If I wasn't typing this, I'd be standing in the doorway of my kitchen looking up through the courtyard into the garden and beyond. It's a breezy, cool July evening and the trees (chestnut, ash, oak, fir) are swaying irritably in the wind - like me, I imagine they long to be caressed by the warmth we should be having every day in summer but this year comes only rarely: such an fickle lover, the British Summer. I would be looking up the path through lavender and cat mint and bright flaming scarlet crocosmia, to my sweetpeas climbing up their wigwam and the buddleija overhanging them, to a sky that is (for once) blue in the fading light.

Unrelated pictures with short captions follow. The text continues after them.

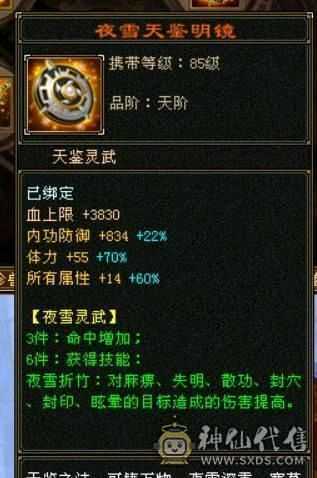 呆鹅推荐。墨玉麒麟永久坐骑，原价2200RMB，双10红魔，41万+血量，金色剑匣、幻视，时装，5700主属性。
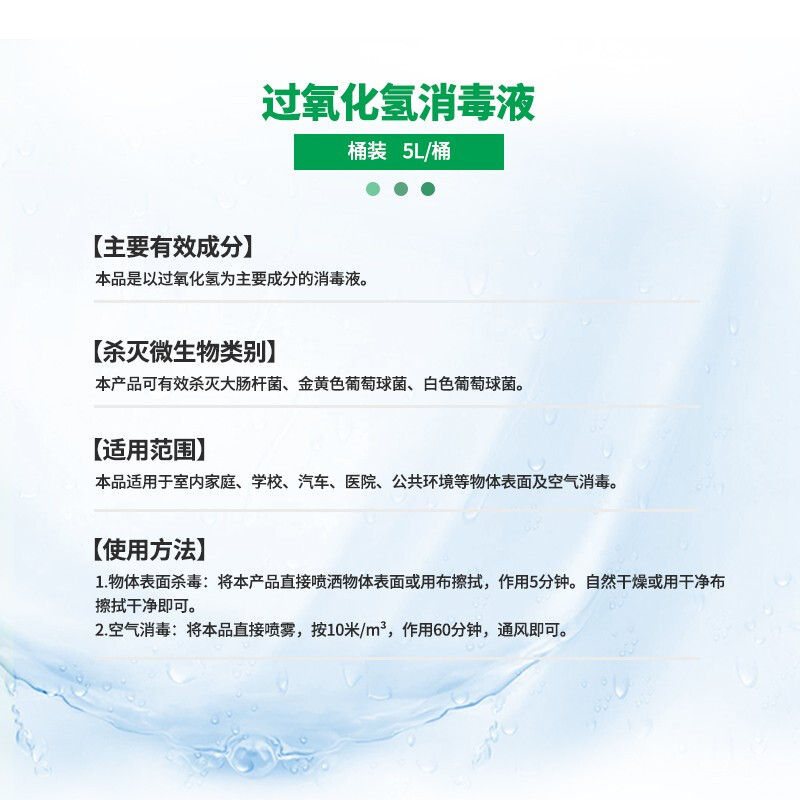 洗得寶 過(guò)氧化氫消毒液5L_http://bzsa.cn/newimg/C202211/1668154968089.jpg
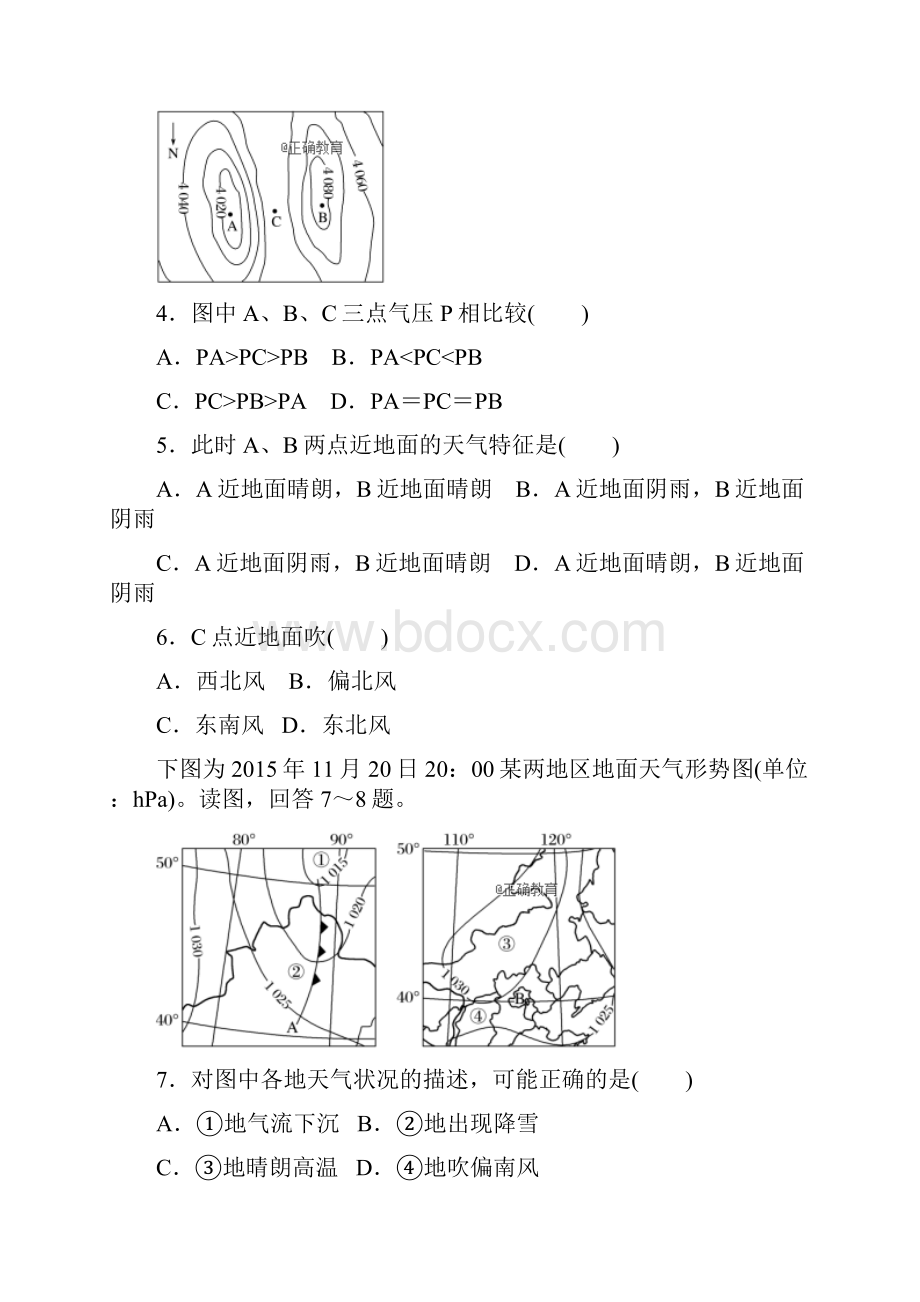 届高三地理月考试题新版新人教版.docx_第2页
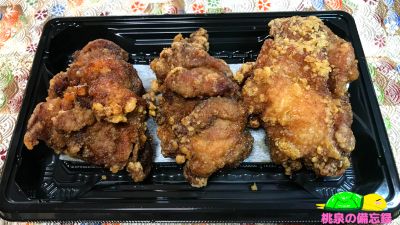 トライアルのお惣菜『生姜とにんにく香る唐揚げ』
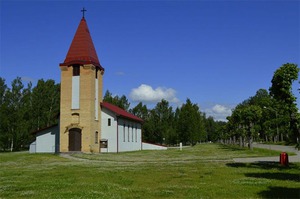Ķeguma evanģēliski luteriskā baznīca, церковь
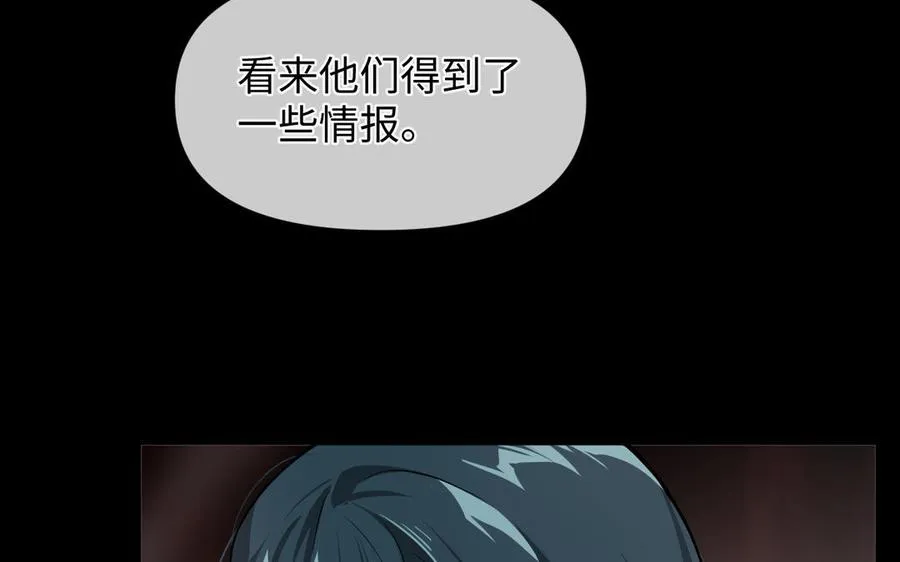 第149话：新婚夫妻158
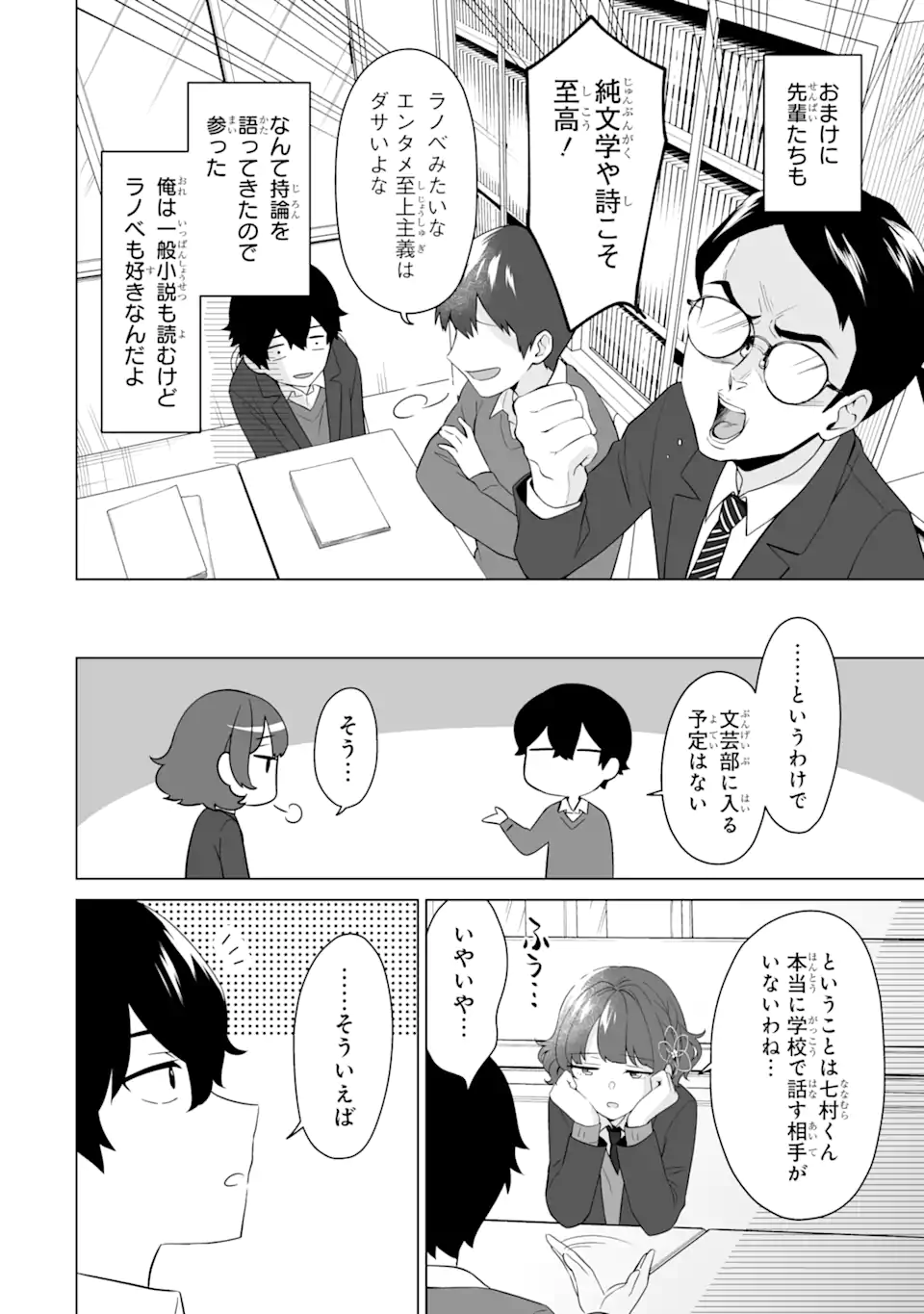 Douka Ore o Houtte Oite Kure: Nazeka Bocchi no Owatta Koukou Seikatsu o Kanojo ga Kaeyou to Shite Kuru Chap 5.2 - Next Chap 6.2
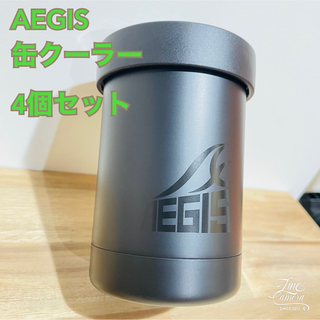 イージス350ml専用真空保冷缶ホルダー新品4個セット(その他)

But I'm not. I'm typing this and sipping plain cocoa-and-water and when I look up I can see the vases full of sweetpeas that I picked earlier. At the moment my house smells of supper - artichokes with vinegrette, and grilled halloumi with tomatoes and cucumber and leaves - with overtones of what I can only identify as "grandmother", which seems to consist of fresh coffee and baking bread and lavender soap (and is faintly disturbing, to be honest. The ghosts we can conjure in our kitchens are manifold).

So yes, I am typing this. It's been more than a while and it's been a while since I thought about this blog, this pretty much anonymous outlet that I should utilise more often, perhaps. It's a matter of catching myself unwares; if I don't think, I am more likely to do. And I often need a kick to get myself into gear...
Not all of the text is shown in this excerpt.